Wonderful movie but suffers from the "West Side Story Syndrome"
I finally got around to seeing "To Sir With Love" and thoroughly enjoyed it. "To Sir With Love" has been greatly affected by what I call the "West Side Story Syndrome", wherein the kids who used to be shocking and menacing are now quaint. It completely changes the emotional impact of the movie. "West Side Story" greatly benefited from the syndrome but "To Sir With Love" mostly suffers from it.
When I watched "To Sir With Love," I had to keep telling myself, "Oh yeah, these are scary kids." So, when they transform from lowlifes into budding, lovable adults, the emotional impact just wasn't there.
Also lost is the shocking audaciousness of a black man dancing with a white girl. Kudos to James Clavell for daring to do that scene in 1967. It's something even modern directors shy away from.

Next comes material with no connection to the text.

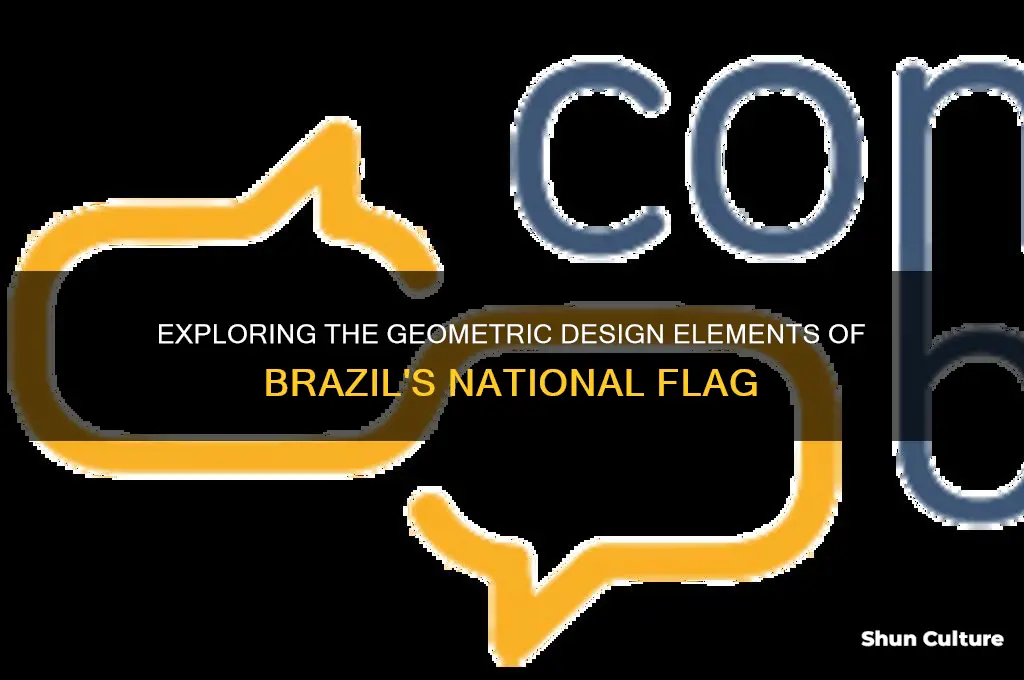 are there geometric shapes on the brazil flag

The lead song by "Lulu" is absolutely terrific except that the movie WAY overplays it. Once at the beginning and once during the dance scene would have been enough. I hope I don't sound too critical since it really is a good move.
Sidney Poitier is in top form and sexy in a way that disappeared soon after 1967. It is also interesting to note that Poetier looks like a real black guy... not the "chocolate with white features" look that later became so popular.